Hoffman also mentions that Nettle root is being used (successfully) treat early stages of benign prostatic hyperplasia.(2) Searching on PubMed also led to an noteworthy study on Nettle and its effects on cell apoptosis (cell death) and gene expression in human breast cancer cell line.(3)

It is also interesting to note that Matthew Wood quoted David Hoffman saying “when in doubt, give nettles.” (4)I wholeheartedly agree!

Recommended doses for Nettle (from Hoffman’s Medical Herbalism)

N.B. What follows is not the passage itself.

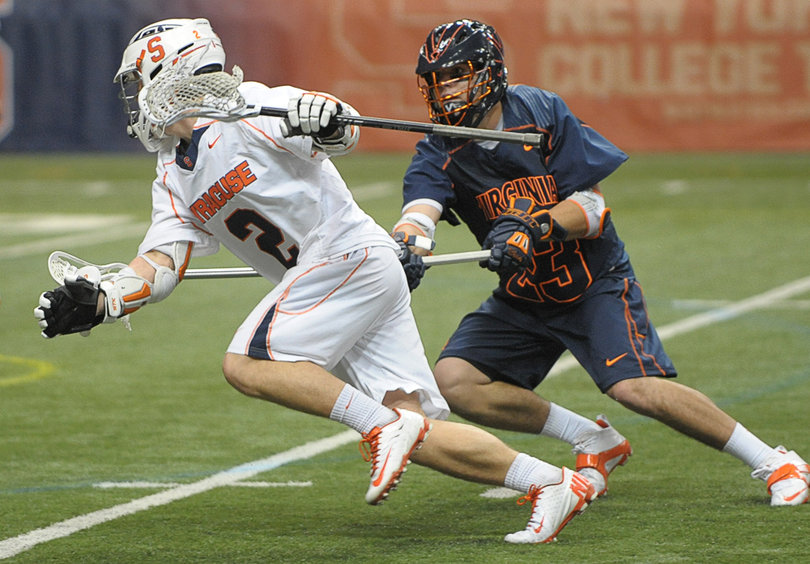 Syracuse attack Kevin Rice runs past Virginia long-stick midfielder Tanner Ottenbreit.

Tincture: 2.5 to 5 ml, 3 times a day

Tea: 1-3 teaspoon dried herb in 1 cup boiling water, 3 times a day

I like use Nettle in my Well Mama tea. To make this tea, mix together the following herbs:

  • 2 parts Lemon balm (Melissa officinalis)
  • 1 part Red raspberry leaf (Rubus idaeus)
  • 1 part Nettle (Urtica dioica)
  • ½ part Dandelion leaf (Taraxacum officinale)


When making this tea, use 1-2 teaspoons in 1 cup hot water. Steep for 10-15 minutes then sweeten with honey as desired. Drink 2-3 cups a day.

Add or subtract herbs as desired. Alfalfa (Medicago sativa) is a wonderful herb to add as well, especially when using the tea to help with anemia.

For those interested in harvesting Nettle, now is a great time to get out there and harvest the spring leaves!

How Have You Used Nettle to Support Your Pregnancy?



  1. Hoffman, D. (2003). Medical Herbalism: The Science and Practice of Herbal Medicine. pg 591.Rochester VT. Healing Arts Press
  4. Wood, M. (2008). The Earthwise Herbal: A Complete Guide to Old World Medicinal Plants. pg 498. Berkeley, CA. North Atlantic Books.


This is the writings of:

Jacki May is a mama for 4 girls, a wife to her better half, clinical herbalist, doula, and natural living enthusiast and advocate. Her family is in the process of saving up for a yurt and land in order to homestead, teach classes, and live their dream. She can be found outside or at Patchouli Herbs & Apothecary and Raven & Oak
  1. […] Read the rest over at Modern Alternative Pregnancy […]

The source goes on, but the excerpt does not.